Segment Start: PROVIDED DATA
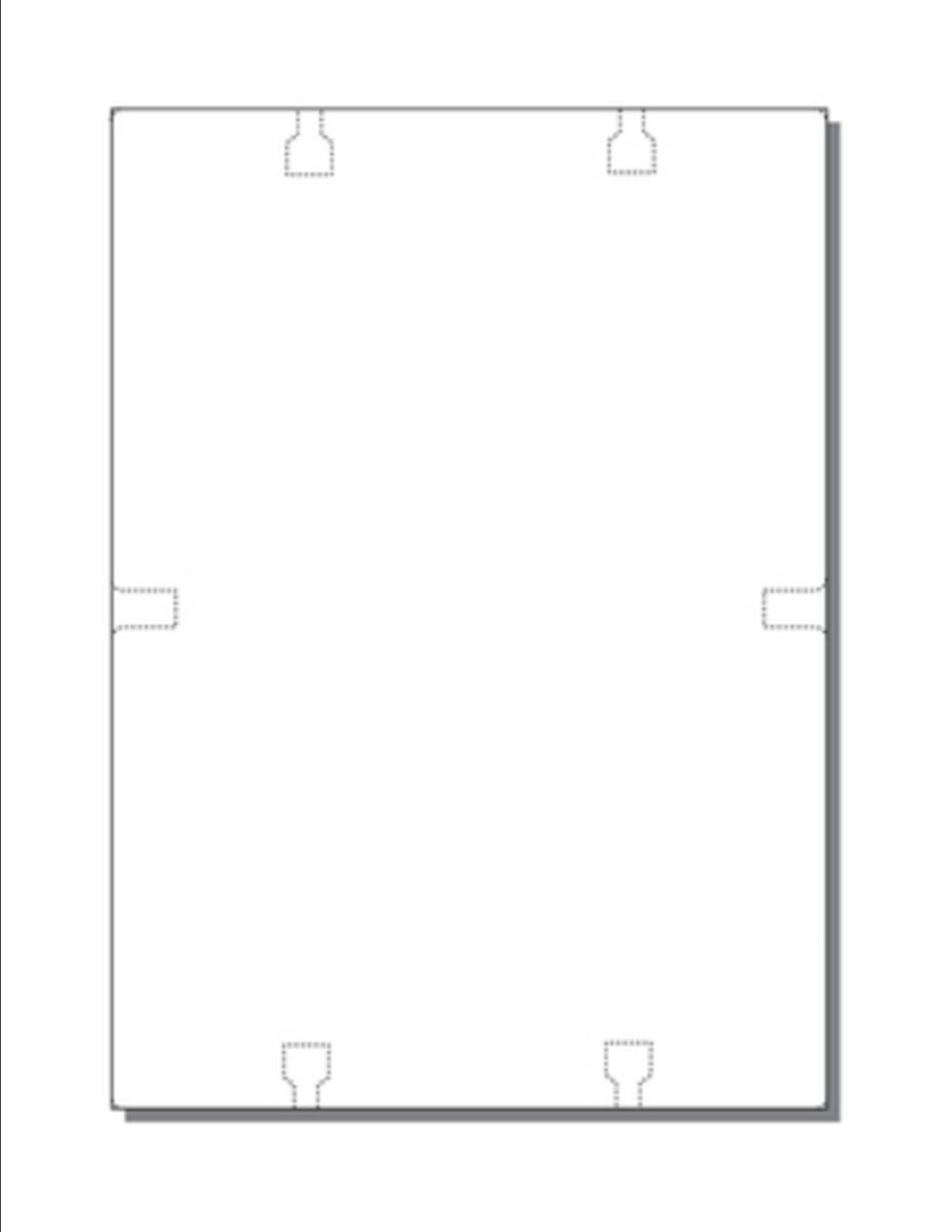 Print-Ready Jumbo Rotary File Cards with Center Tab (4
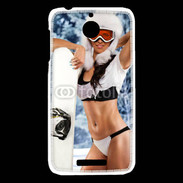 Coque HTC Desire 510 Charme et snowboard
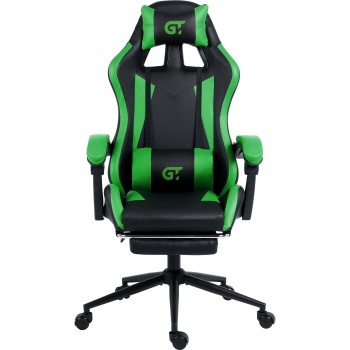 Геймерское кресло GT Racer X-2323 Black/Green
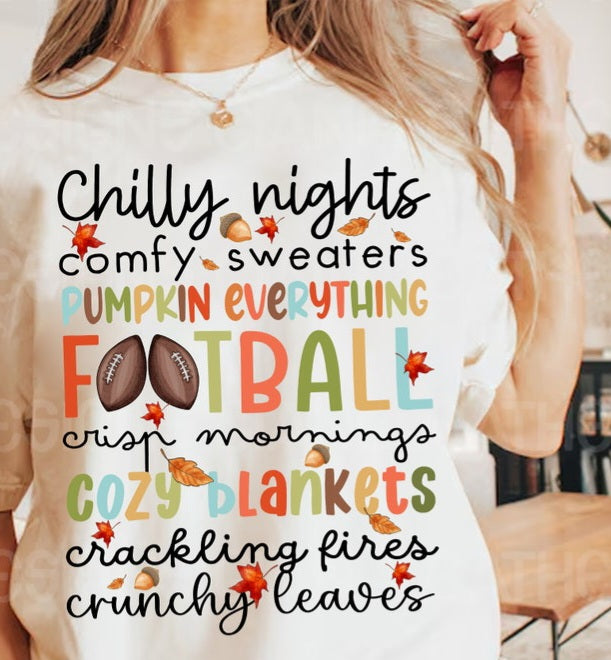 Chilly nights comfy sweaters 109839 DTF transfer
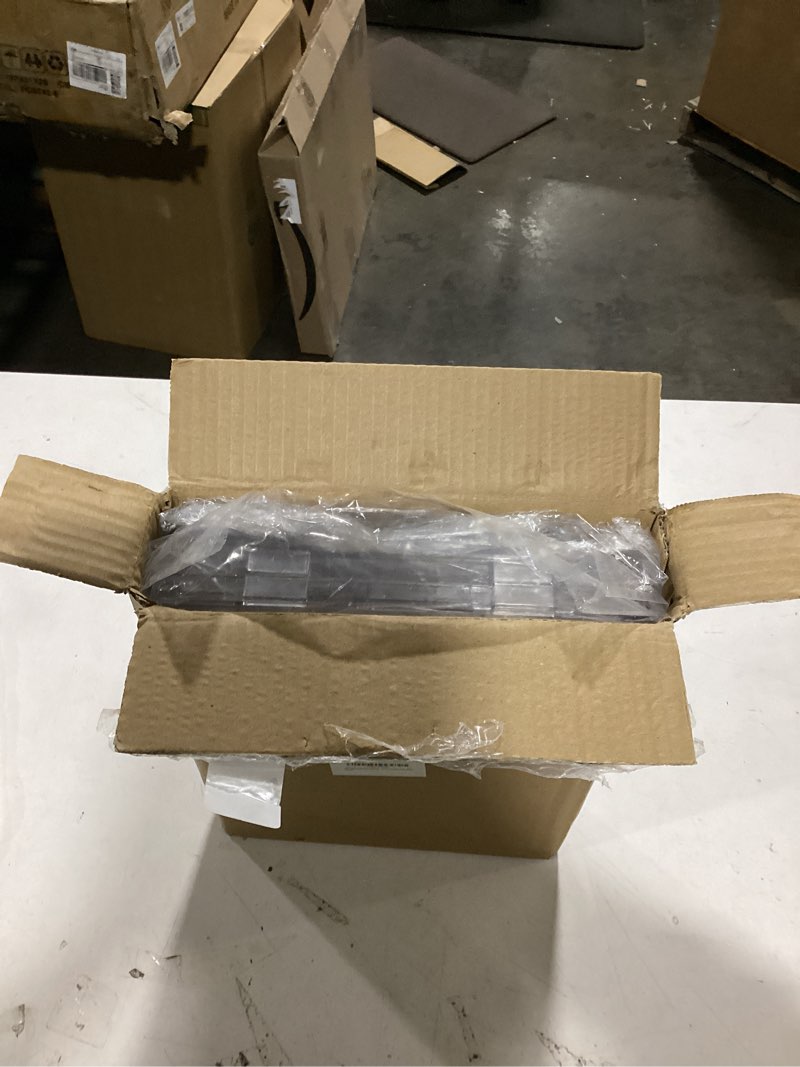 Condition photo showing As Is for SPACEKEEPER Adjustable Shelf Divider for Closet, Clear Purse Organizers for Closet Acrylic Handbag Separators Storage Organizer Bookshelf Separator Dividers in Bedroom, Office Clear 1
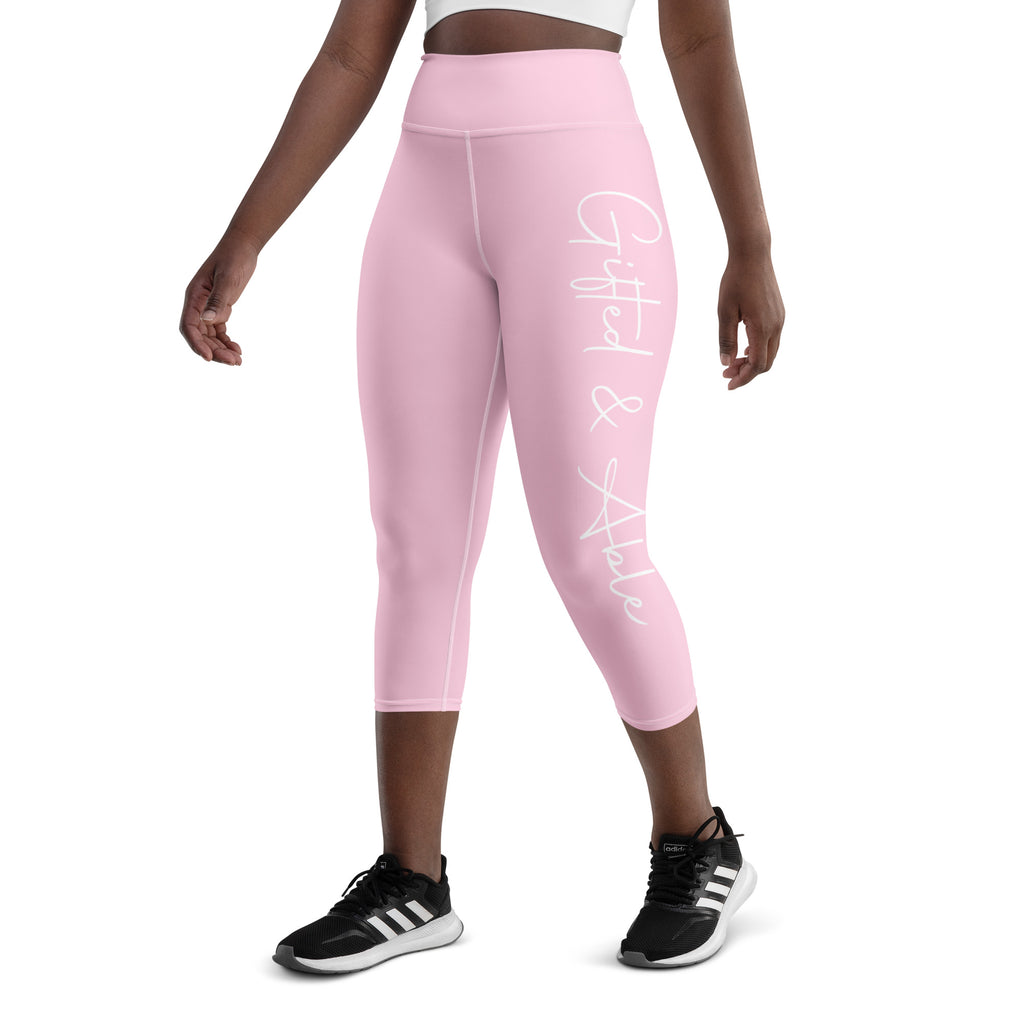 Pink Signature Yoga Capri Leggings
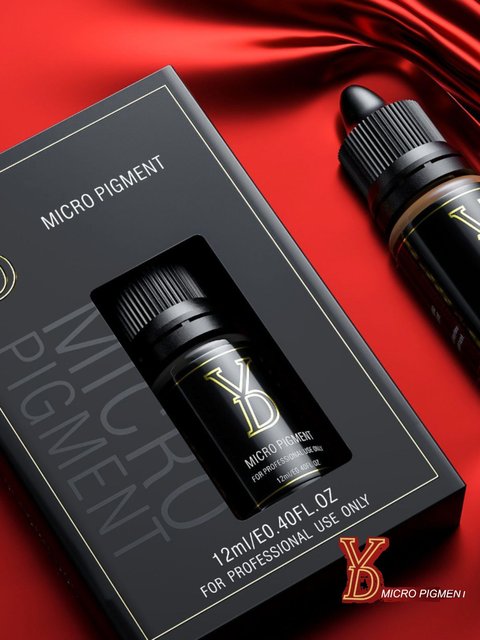 Yd Small Black Bottle Tattoo Pigment for Eyebrows, Eyes, and Lips, Wild Line Eyebrows, European Lips, Easy to Color, Semi-Permanent Liquid Pigment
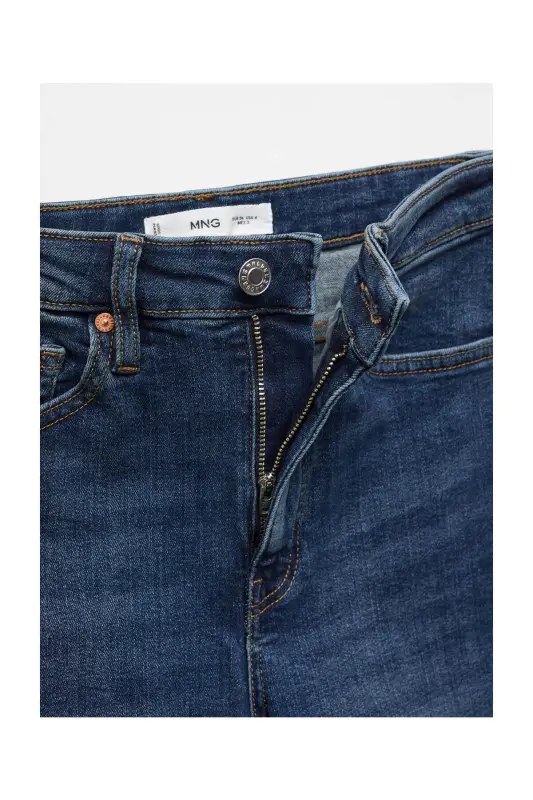 High-rise skinny jeans-Dark Blue - 12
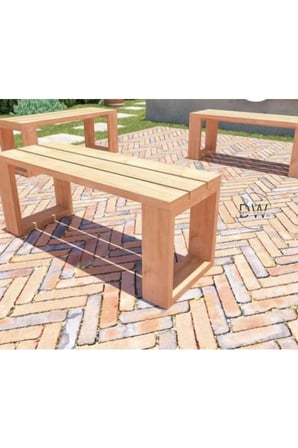 Dizywood Masif Ahşap Bank Bench – Dekoratif Oturma Bankı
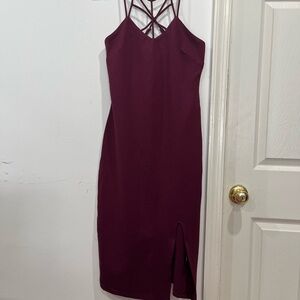 Papayas wine dress M. G-25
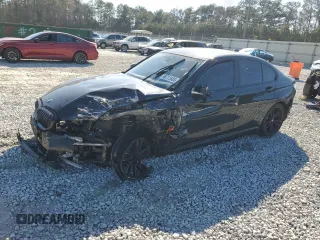 2021 BMW 3 Series 330e with VIN 3MW5P7J03M8B61203, listed as a Copart auction lot 46775885 with 0 mi miles and Salvage Title. Bid and sale history available at carsss.com. Image 1.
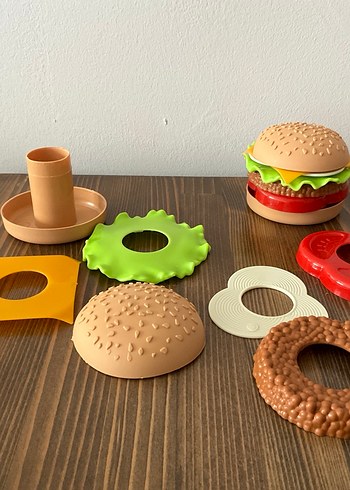 2 Adet Oyuncak Hamburger - Görsel 3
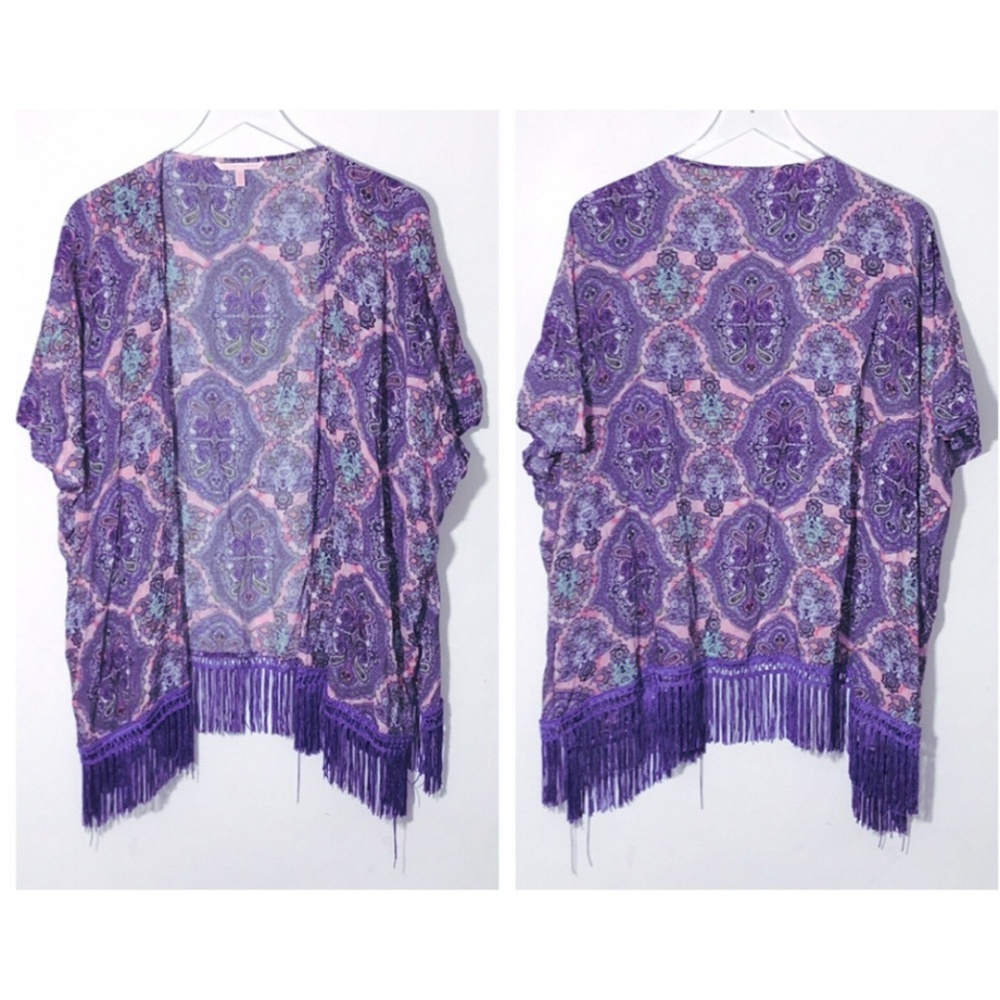 Victoria's Secret Fringe Bohemian Kimono Cover up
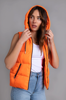 Picture of Spring Puffer Vest - Tangerine | The Hut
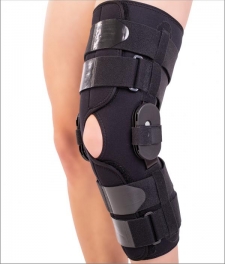 SRT309 GENU REHA PO, Orteza de genunchi mobila cu articulatii reglabile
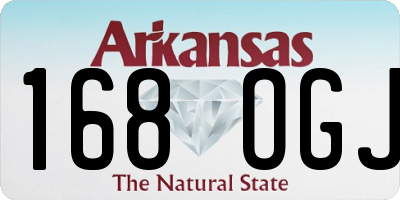 AR license plate 168OGJ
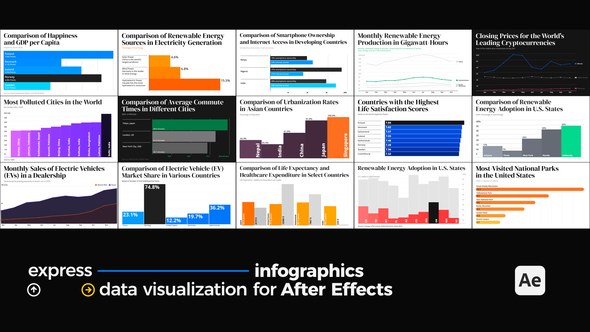 Videohive Express Infographics - Data Visualization for After Effects Infographics template preview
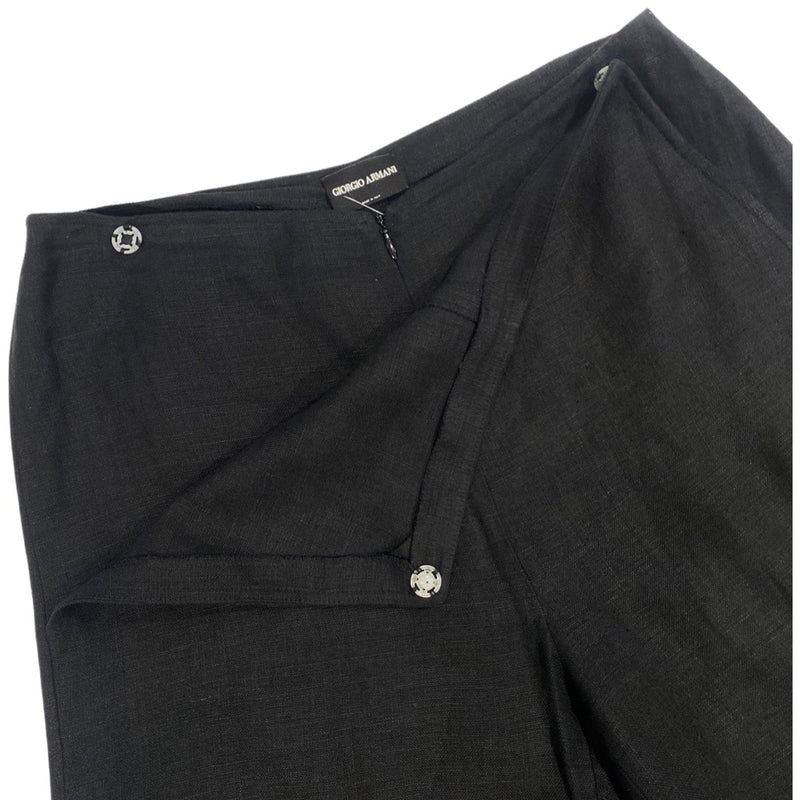 GIORGIO ARMANI black linen trousers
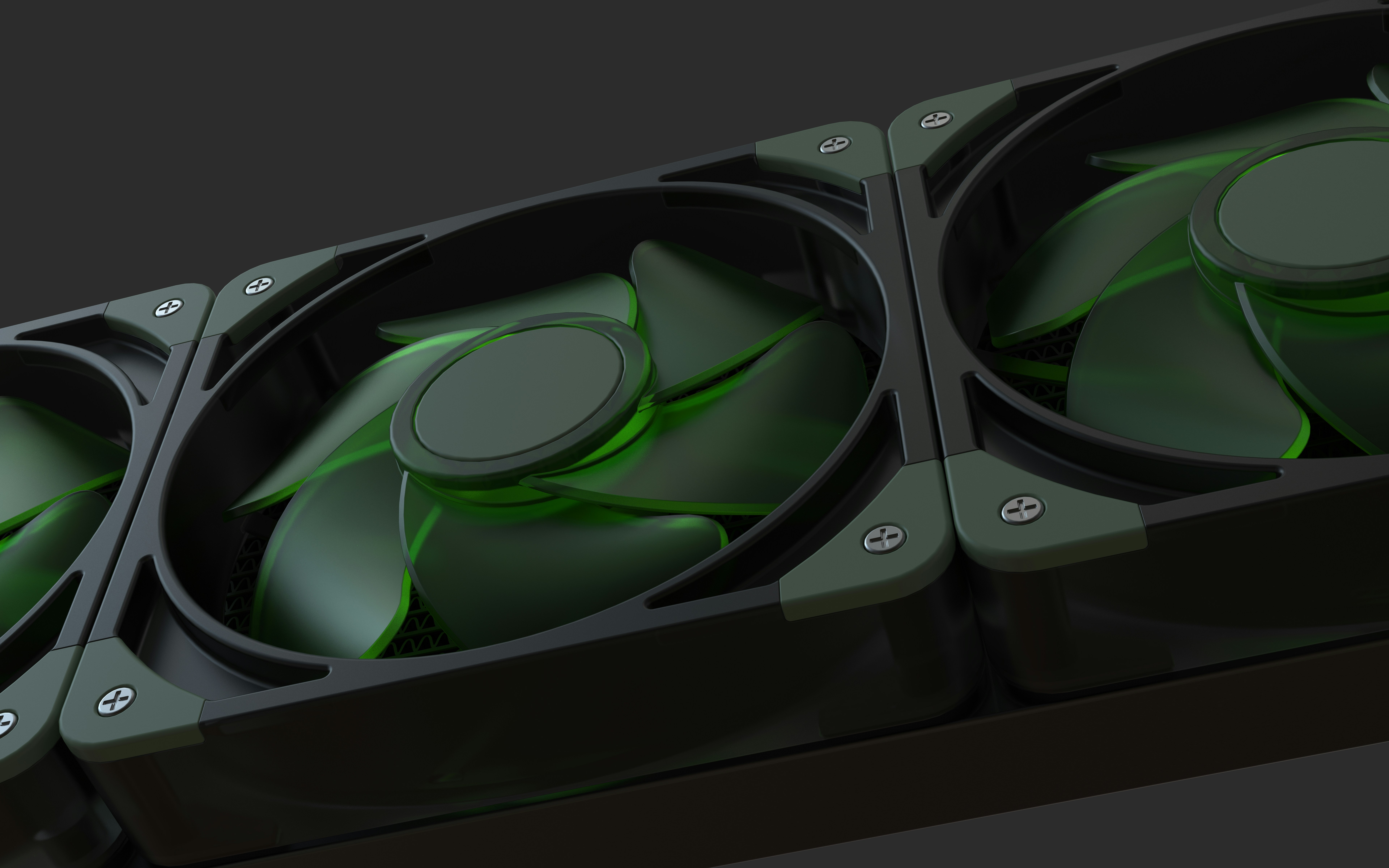Computer cooling fans with green blades - Free Photo on Unsplash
Segment End: PROVIDED DATA
BRIEF → Every line of the data above is to be set down exactly; the pictures are not.

WRITTEN ANSWER →
 Print-Ready Jumbo Rotary File Cards with Center Tab (4
 Coque HTC Desire 510 Charme et snowboard
 Геймерское кресло GT Racer X-2323 Black/Green
 Chilly nights comfy sweaters 109839 DTF transfer
 Condition photo showing As Is for SPACEKEEPER Adjustable Shelf Divider for Closet, Clear Purse Organizers for Closet Acrylic Handbag Separators Storage Organizer Bookshelf Separator Dividers in Bedroom, Office Clear 1
 Pink Signature Yoga Capri Leggings
 Yd Small Black Bottle Tattoo Pigment for Eyebrows, Eyes, and Lips, Wild Line Eyebrows, European Lips, Easy to Color, Semi-Permanent Liquid Pigment
 High-rise skinny jeans-Dark Blue - 12
 Dizywood Masif Ahşap Bank Bench – Dekoratif Oturma Bankı
 Papayas wine dress M. G-25
 2021 BMW 3 Series 330e with VIN 3MW5P7J03M8B61203, listed as a Copart auction lot 46775885 with 0 mi miles and Salvage Title. Bid and sale history available at carsss.com. Image 1.
 2 Adet Oyuncak Hamburger - Görsel 3
 Victoria's Secret Fringe Bohemian Kimono Cover up
 Picture of Spring Puffer Vest - Tangerine | The Hut
 SRT309 GENU REHA PO, Orteza de genunchi mobila cu articulatii reglabile
 AR license plate 168OGJ
 Videohive Express Infographics - Data Visualization for After Effects Infographics template preview
 GIORGIO ARMANI black linen trousers
Computer cooling fans with green blades - Free Photo on Unsplash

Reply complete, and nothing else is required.